(Captioned web image data)
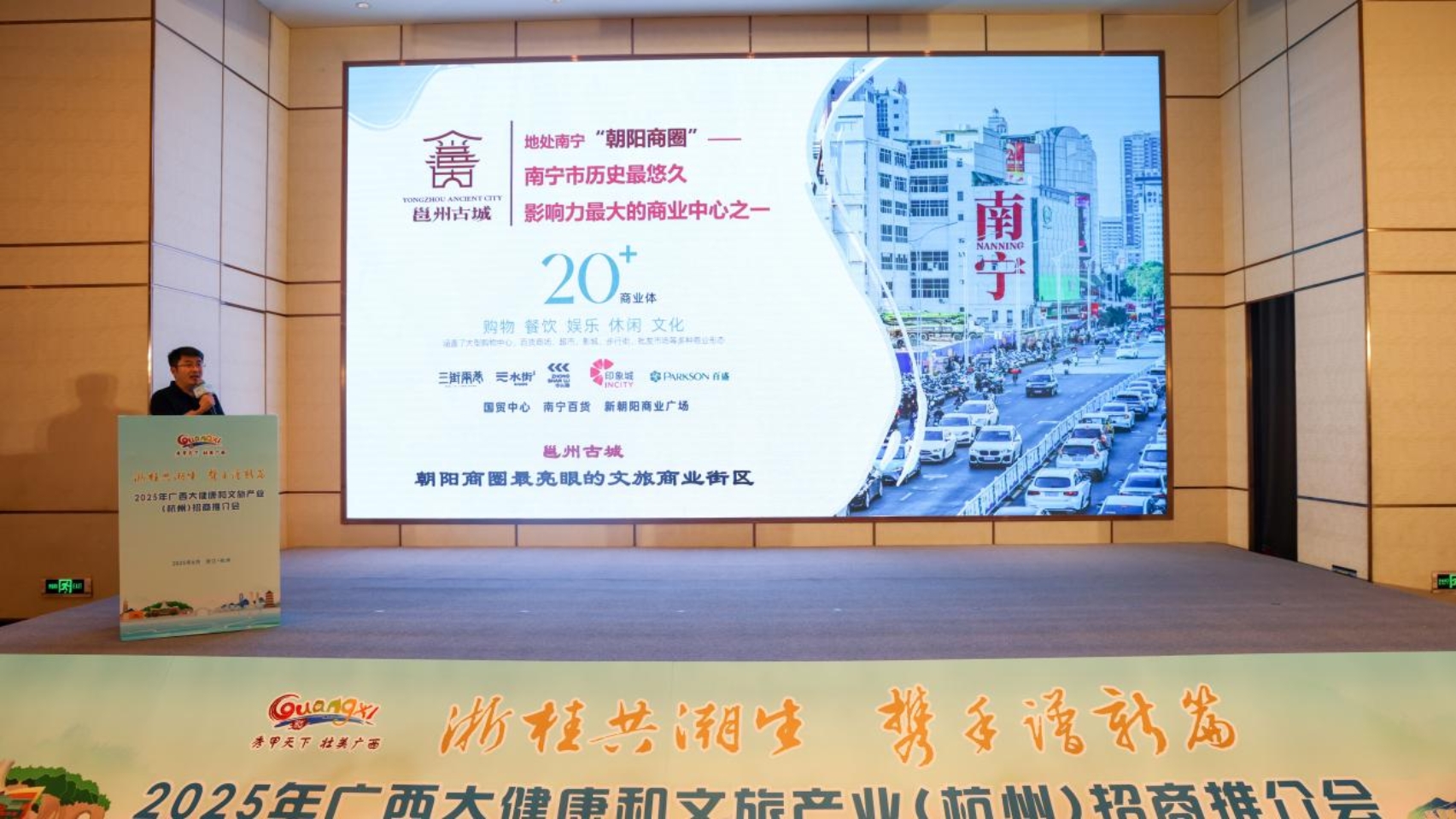 U8娱乐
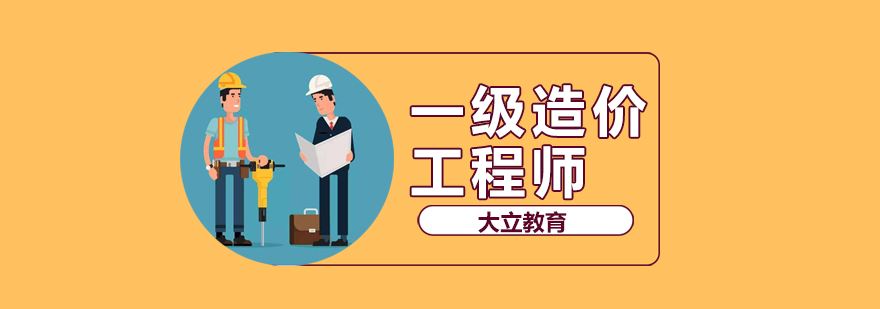 一級造價工程師的注冊證書在哪里下載一級造價工程師的條件  第1張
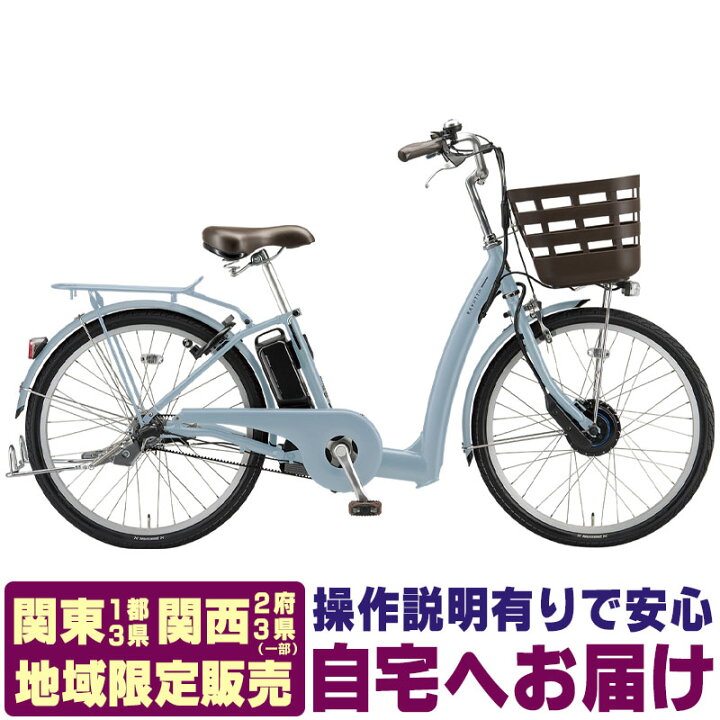 電動自転車‼️近畿圏無料配送‼️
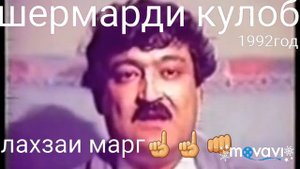 Суханхои Шермарди кулоб Исматча пеш аз марг😥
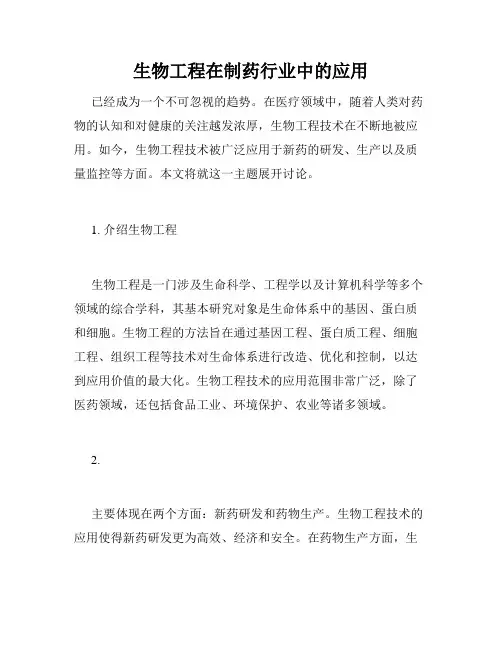 生物工程在制药行业中的应用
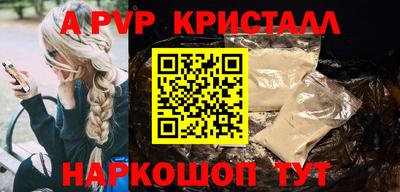ПСИЛОЦИБИНОВЫЕ ГРИБЫ Чебаркуль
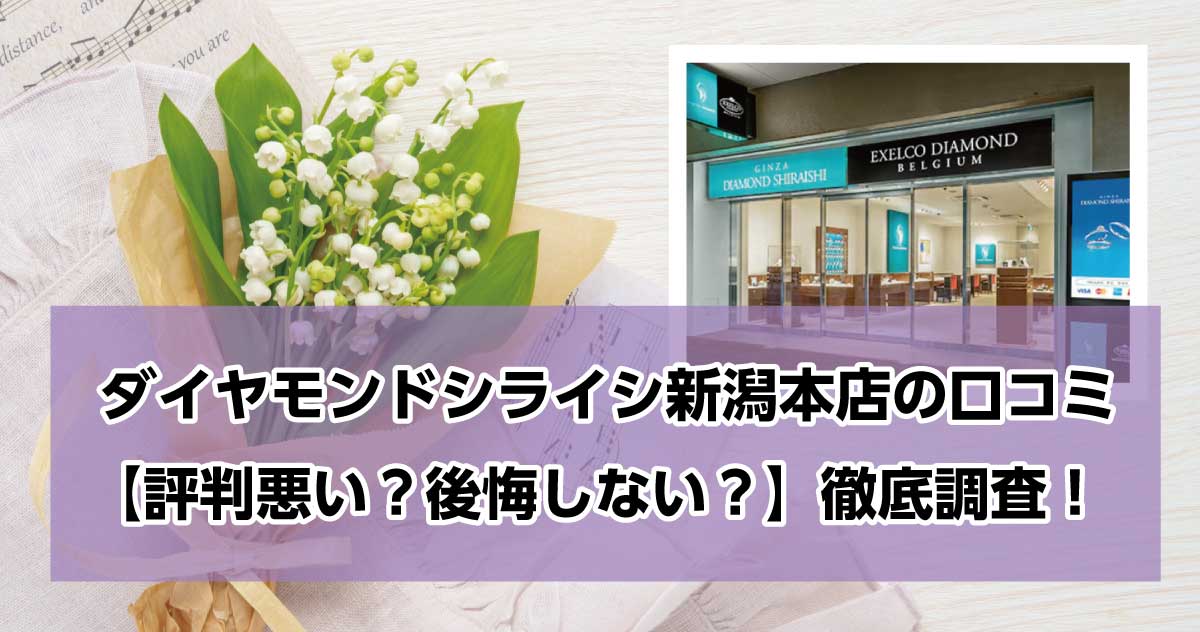 銀座ダイヤモンドシライシ新潟本店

■ **Task item**
Pictures excluded, quote all the data above exactly.

■ **Result**
 U8娱乐
 一級造價工程師的注冊證書在哪里下載一級造價工程師的條件  第1張
 電動自転車‼️近畿圏無料配送‼️
 Суханхои Шермарди кулоб Исматча пеш аз марг😥
 生物工程在制药行业中的应用
ПСИЛОЦИБИНОВЫЕ ГРИБЫ Чебаркуль
 銀座ダイヤモンドシライシ新潟本店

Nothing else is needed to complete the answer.